When wealthy countries ship their waste to less wealthy countries, those on the receiving end are then more likely to be framed as polluters when plastics shipped to their countries drift into waterways. For example, in 2016, The Ocean Conservancy published a report stating that 60% of the oceans’ plastic pollution was caused by China, Indonesia, the Philippines, Thailand, and Viet Nam. Another study found that 95% of ocean plastic pollution came from eight Asian rivers and two African rivers. What some Asian environmental activists, forming the coalition Break Free from Plastic (BFFP), have started to do, though, is to identify the names of the brands that have washed into the oceans and to publicize the waste produced by these brands. In so doing, the activists have effectively intercepted the media blame aimed at end consumers and placed it squarely on the original corporate producers of food packaging and other single-use plastic. BFFP has now grown into 11,000 organizations and individual members around the world, and as a result of their global brand audits, unwanted attention has been directed at Coca-Cola, PepsiCo, Nestle, Unilever, Mondelez international, Mars Inc., Procter & Gamble, Philip Morris International, and Colgate-Palmolive. In addition to placing pressure on corporations to reduce their plastic waste and pay for the waste streams they create, BFFP led a campaign that resulted in amending the international treaty that regulates transboundary movements of hazardous wastes and their disposal so that countries like the U.S. can’t just use the world as our dumping ground.

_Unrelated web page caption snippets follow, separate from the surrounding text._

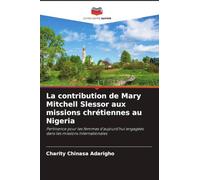 La contribution de Mary Mitchell Slessor aux missions chrétiennes au Nigeria: Pertinence pour les femmes d'aujourd'hui engagées dans les missions internationales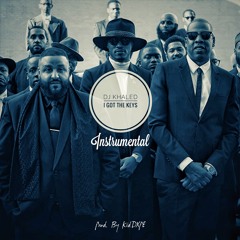 Dj Khaled - I Got The Keys (Ft. Jay Z & Future) Instrumental [Prod. By KidDXPE]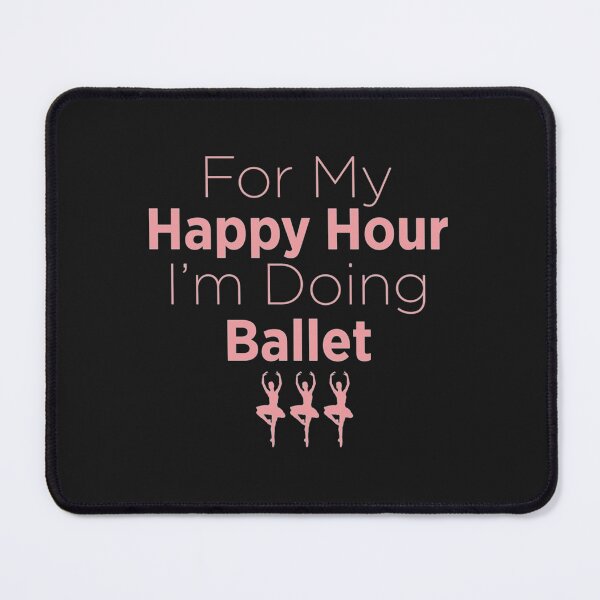 Item preview, For My Happy Hour I'm Doing Ballet designed and sold by SolaceInWords.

I think these issues of packaging and waste are critical for the food industry to consider as the world reckons with the devastating effects of global warming. The inconsistent regulation of waste streams, enabling plastics to fill the world’s oceans, relates to the inconsistency in fishing laws that is resulting in the threat of fishing population collapses around the globe. It is a global and micro-local issue that asks each of us what we will sacrifice and how we will re-organize our eating and other daily habits in order to care for the other people, plants, and animals with which we’re interdependent.
Thanks for bringing up the topic of gender norms and food, Becky. Like you pointed out, preparing and serving food in the home - largely and stereotypically by women - is given an almost servile status, but male chefs dominate public spaces and are accorded all kinds of professional status. Women experience all kinds of discrimination, belittling, harassment, exclusion, and erasure in these spaces and are rarely accorded the status that men regularly achieve. It's interesting how the very same process is defined so differently when performed by different bodies. Though different, it reminds me of education systems in which women tend to occupy the teaching positions that are given lower status while men are much more likely to be promoted to administrative positions, making significantly higher salaries and holding significantly more power.
Jennifer, thanks for including so many video clips this week. They really helped paint a picture of various fast food chains’ presence in different countries, and they’re great footage for students. I like your idea, Jennifer Smith, about analyzing ads and/or examining changes in their narrative structure over time. My students tend to be low income and hardly ever travel, so they tend to think of chains in American-centric terms. That’s why I’d like to use the interview with James Watson in class.
I think he does a great job of showing how children have taken on a driving role in terms of consumption and how the local conditions, cultural priorities, and uses of public space in different countries have forced what many U.S. students perceive as immovable behemoths like McDonald’s to reshape themselves. I also really like Watson’s point that anthropologists have to “live where people live,…do what people do, and…go where people go” (p. 7) and his observation about the unfounded assertions of academics who draw baseless conclusions about phenomena like fast food chains because they remain sheltered in their elite circles. His story of being forced by his godchildren to pay attention to shifting conditions in Hong Kong was powerful. And it was so interesting to read about how high school students in Hong Kong transformed McDonald’s restaurants into after-school social clubs, which influenced McDonald’s to consider new ways of marketing their restaurants as safe, clean, gang-free, and alcohol-free afternoon clubs for teenagers, influencing parents to encourage their teenagers to hang out there and give them additional money for meals. I thought Watson’s argument that “consumers have appropriated corporate property and converted it into public space” (p. 8) was an important counter to the usual assumption that chains like McDonald’s are in full control of their customers.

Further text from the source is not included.